A return to elegance for autumn. Beautifully cut shapes, the finest detail and stand-out decoration made this a Paris haute couture season to remember. The last show, Valentino, summed up the best of this showcase, but other clear-sighted displays, especially Givenchy, Dior, Chanel and Maison Margiela, featured ideas that will resonate far outside this rarefied enclave.

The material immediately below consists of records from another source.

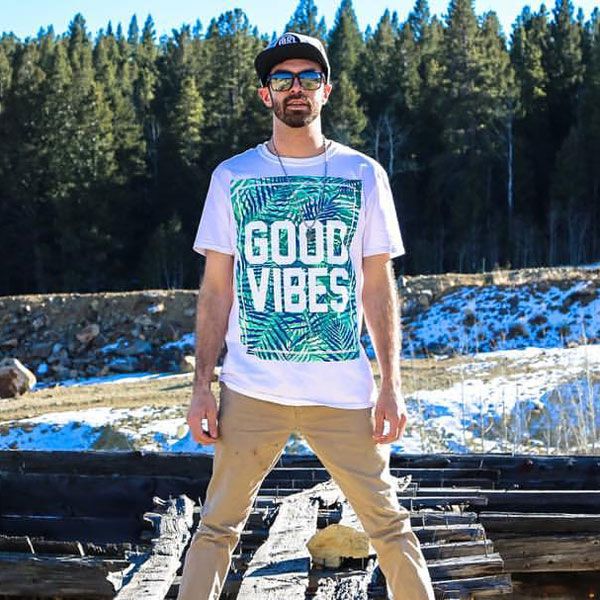 mySoundposter's tweet photo. #FunkStatik is lookin and sounding fresh on his track 'Stay Fresh' on our #video #Soundposter>> https://t.co/vQUqo2OJCw https://t.co/UXvWbH4Sqw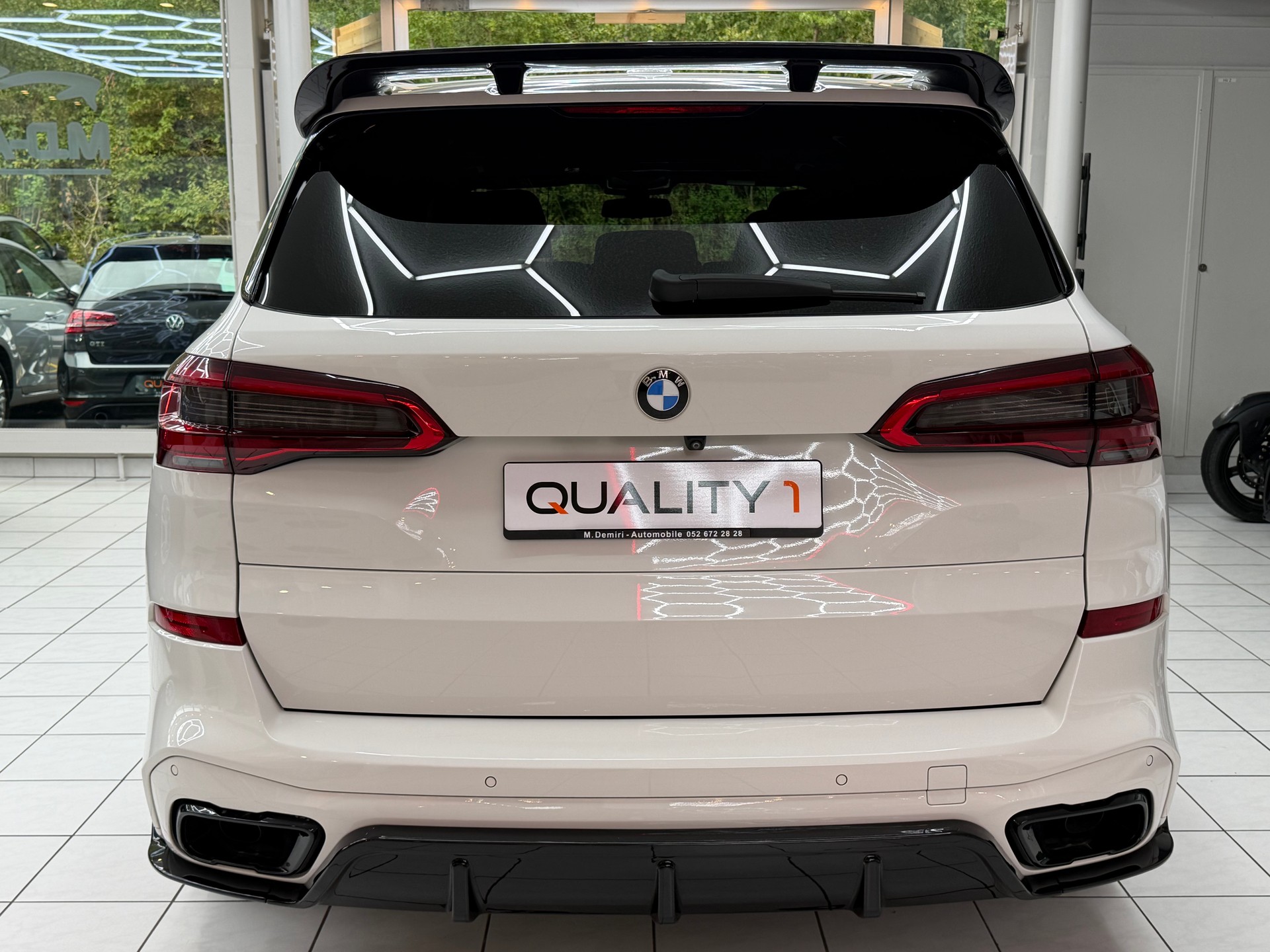 BMW X5 40i xDrive SAG-image-8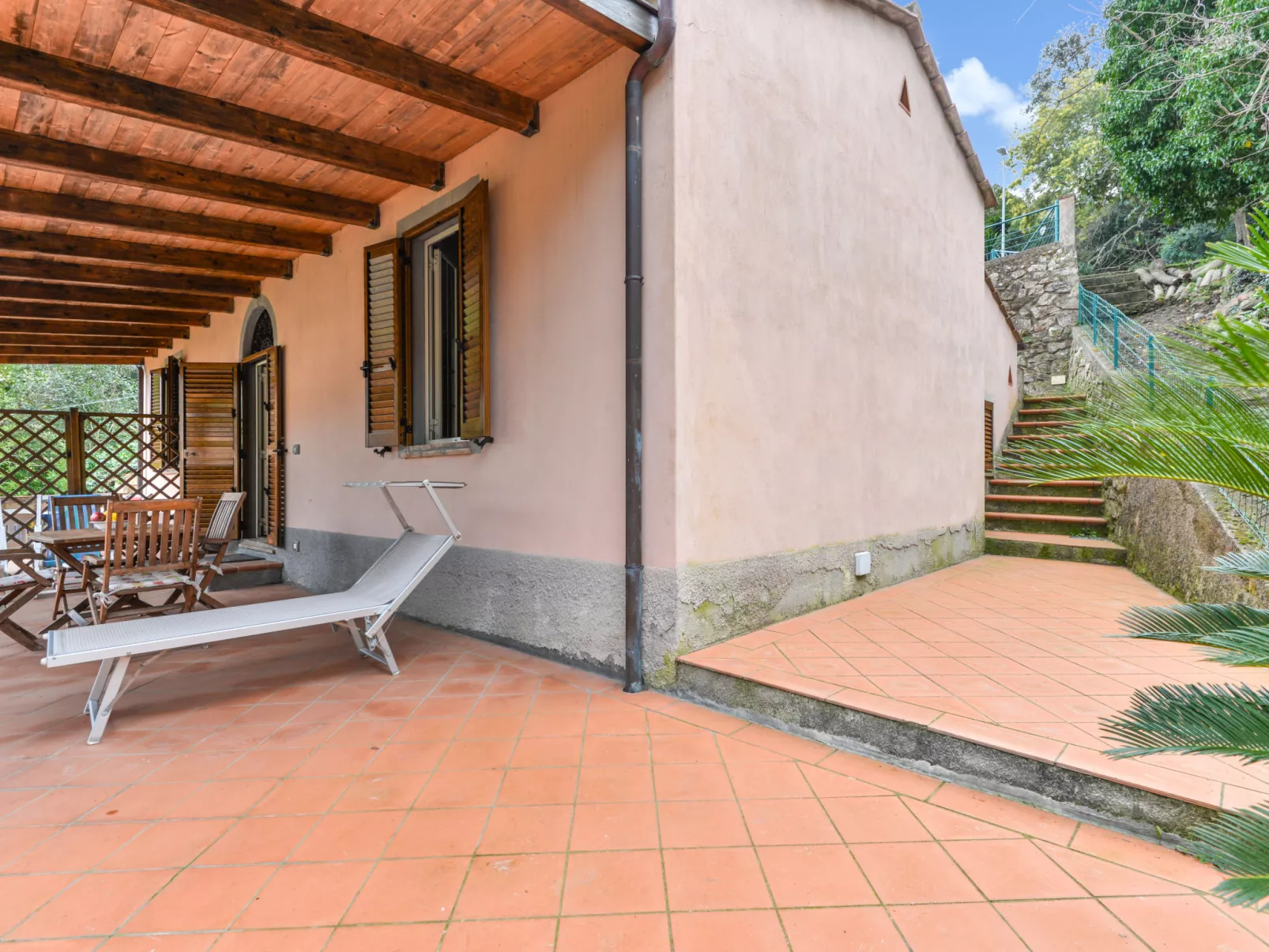 Arrighi-Outside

At Givenchy, British designer Clare Waight Keller was inspired by the house founder’s workroom and archives; Dior’s Maria Grazia Chiuri showed surrounded by the white toiles of clients’ dresses; at Maison Margiela, the brand that pioneered deconstruction, John Galliano daringly showed the inner structure of dresses and coats in recycled and unwanted materials under transparent over-layers including an X-ray of the outfit, while Jean-Paul Gaultier referenced his famous trouser suits for tuxedos that rock. At Valentino, grandly cut evening wear had regal appeal.

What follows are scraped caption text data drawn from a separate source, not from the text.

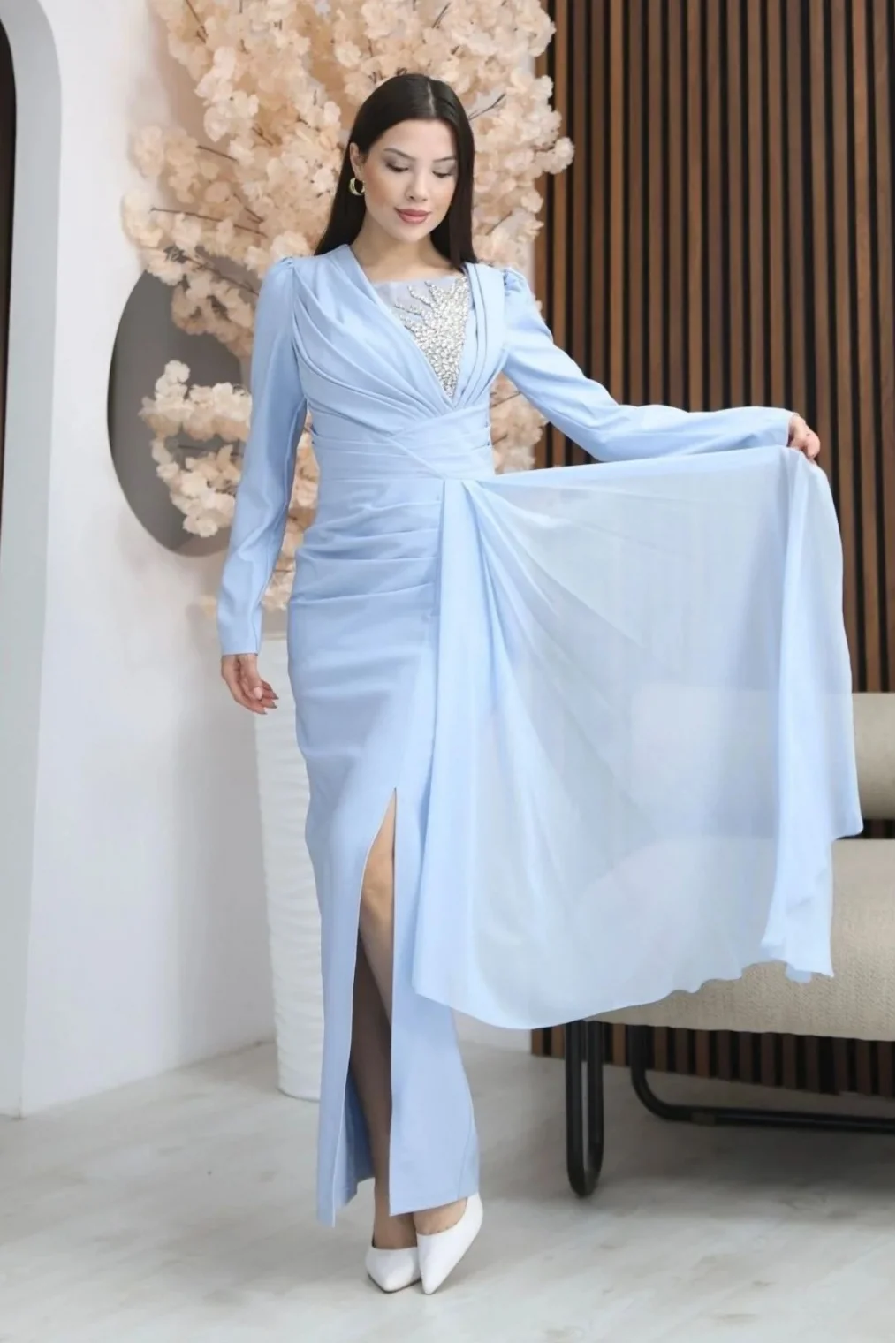 Taş İşlemeli ve Pile Detaylı Pelerinli Abiye Elbise 2312-Bebe Mavisi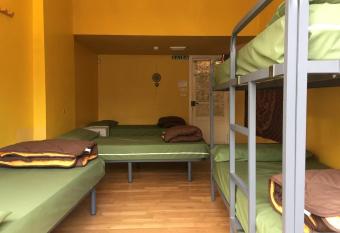 Albergue Azabache has Balcony rooms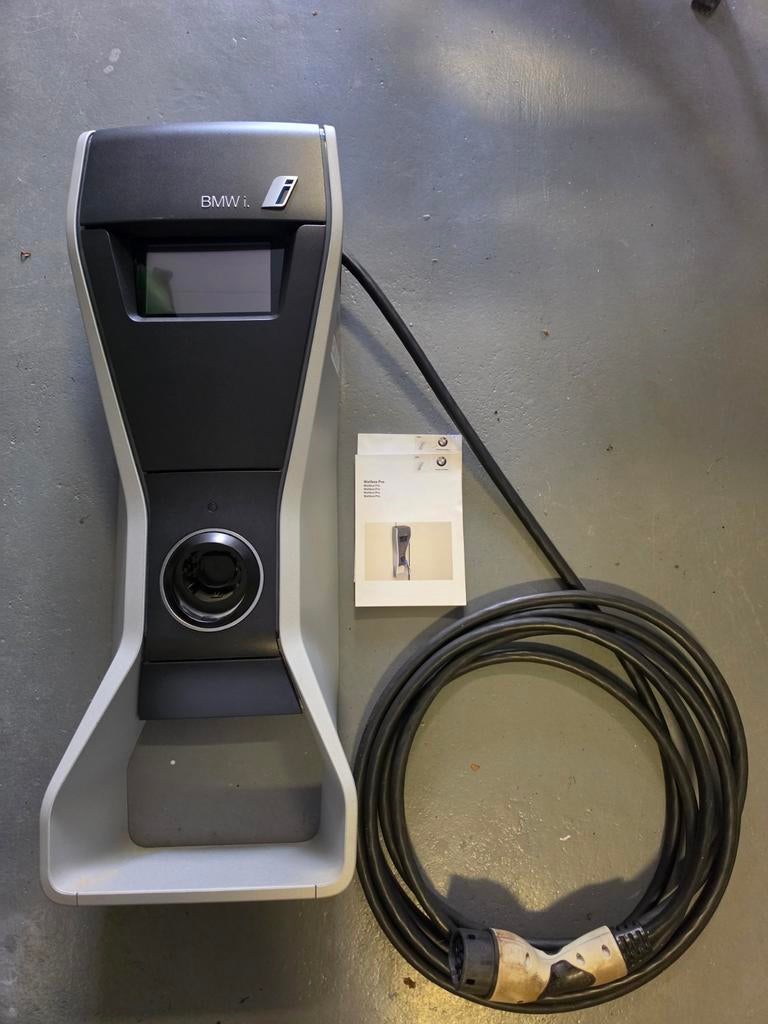 BMW Wallbox Pro 1 fase autolader met 7m laadkabel, Auto diversen, Laadpalen, Ophalen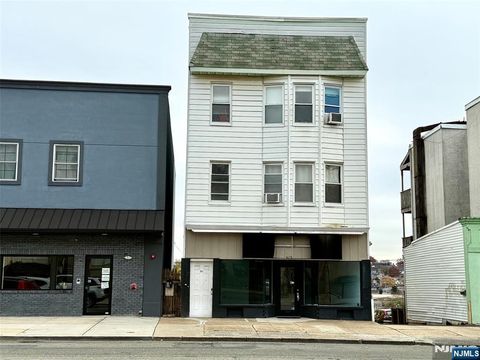 Photo of 312 Washington Avenue #1, Belleville, NJ 07109 (MLS # 25041455)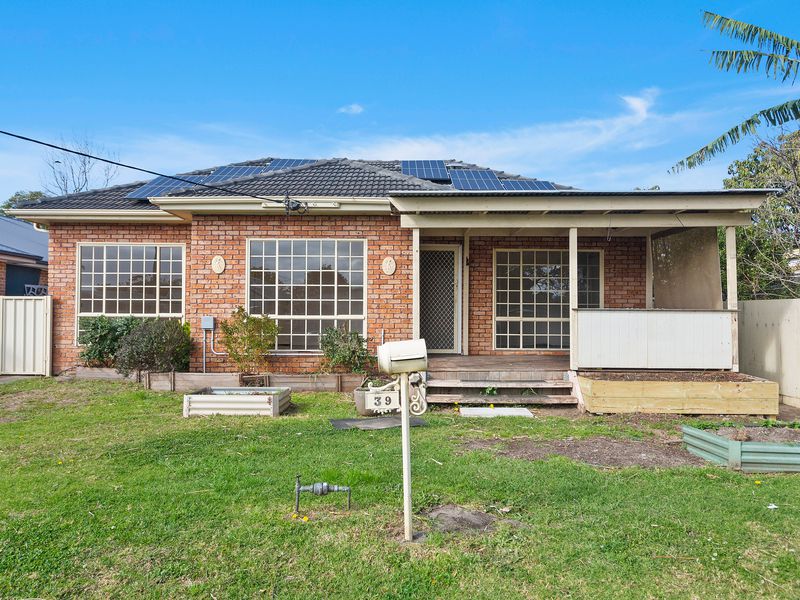 39 Deakin Street, Oak Flats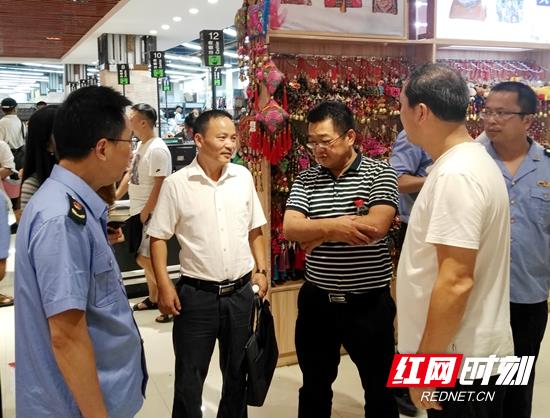 讲解包厢全面取消 武陵源区旅游团队购物场所全力配合整治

Leopards and tigers are couture favourites; now they roar back with 1980s glamour, in super-short mode at Dundas, with little, lace-trimmed shorts for practicality; slinky, longline and sequinned at Alexandre Vauthier; and surreally suited and masked or sweetly full-skirted at Schiaparelli.

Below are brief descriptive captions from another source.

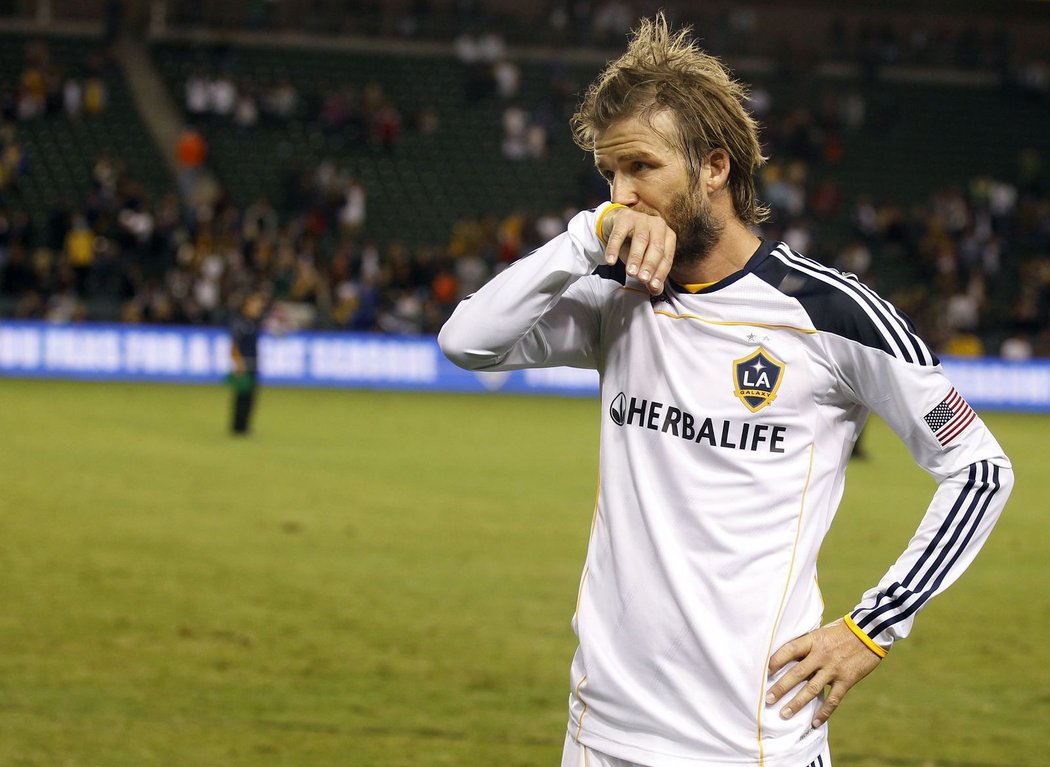 Zklamaný David Beckham opouští hřiště po porážce 0:3 s Dallasem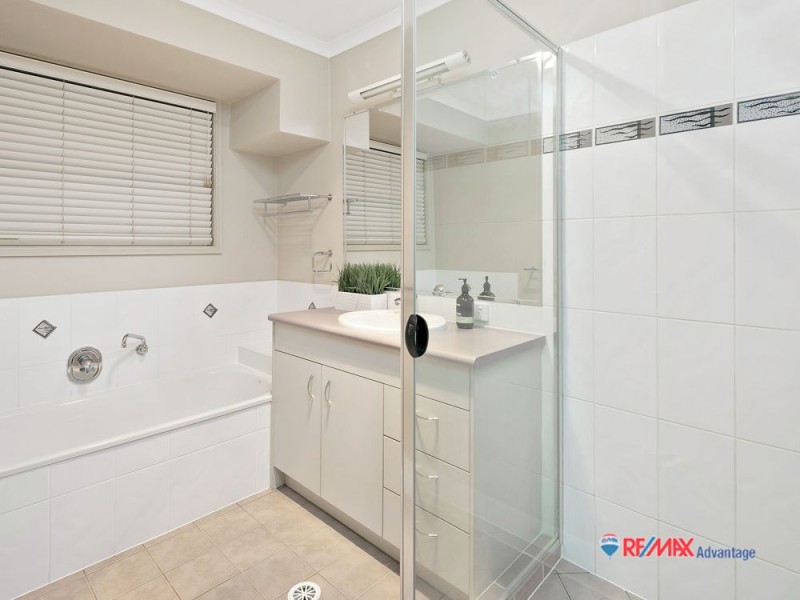 6 Gabrielle Place, Manly West QLD 4179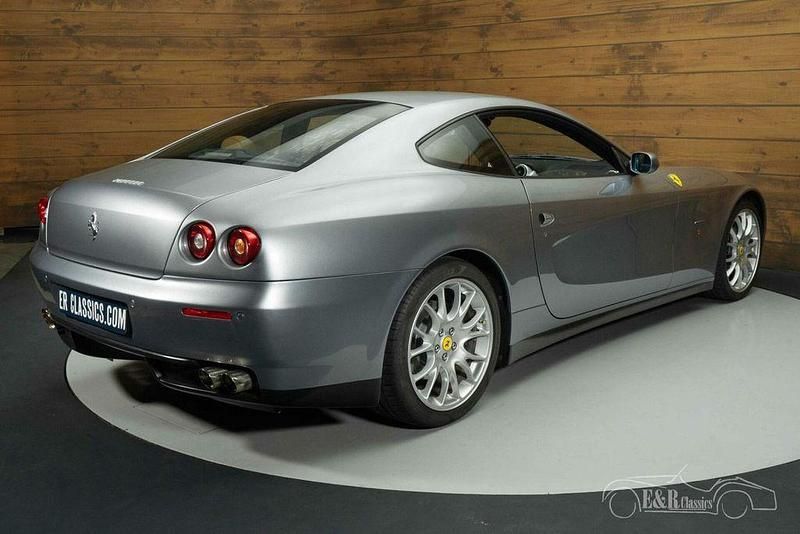 Second-hand Ferrari 612 538 CP (395 kW) 2005 Gri Coupe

The art of fine draping is as exacting as more spectacular couture crafts, resulting in clothes of unparalleled lightness; in barely there nude tulle and chiffon at Dior; in warrior goddess, metal breastplate style at Givenchy; on glorious cowl backs at Valentino, in gentle spring greens at Alexis Mabille; and, at Maison Rabih Kayrouz, even for daywear, on knotted-over tops and jackets.
Volume has been big news (and still is) but couture’s precision work is creating a fresher, slim, longline silhouette. It’s even in tweed at Chanel with zips on skirts and sleeves to make movement easier; beautifully tailored and sinuous in wool or black velvet at Armani Privé; in slender dresses to contrast with wide capes at Valentino; in modest belted dresses at Dior; and in almost hobble form at Maison Margiela.
Couture embellishment encompasses many crafts – Valentino even listed how many hours of beading, embroidery or appliqué each outfit took (nearly 2,000 hours was the most). Delicate beading and embroidery, often on lace or velvet, was seen at Lebanese designers Elie Saab, Rami Kadi and Zuhair Murad, and from London-based Ralph & Russo, while it led to tweed and mosaic effects at Chanel.
Feathers adorned capes at Armani Privé and Gaultier, and ballgowns at Valentino, while finely pleated ruffles decorated Viktor&Rolf’s all-white retrospective in celebration of its new bridal collection.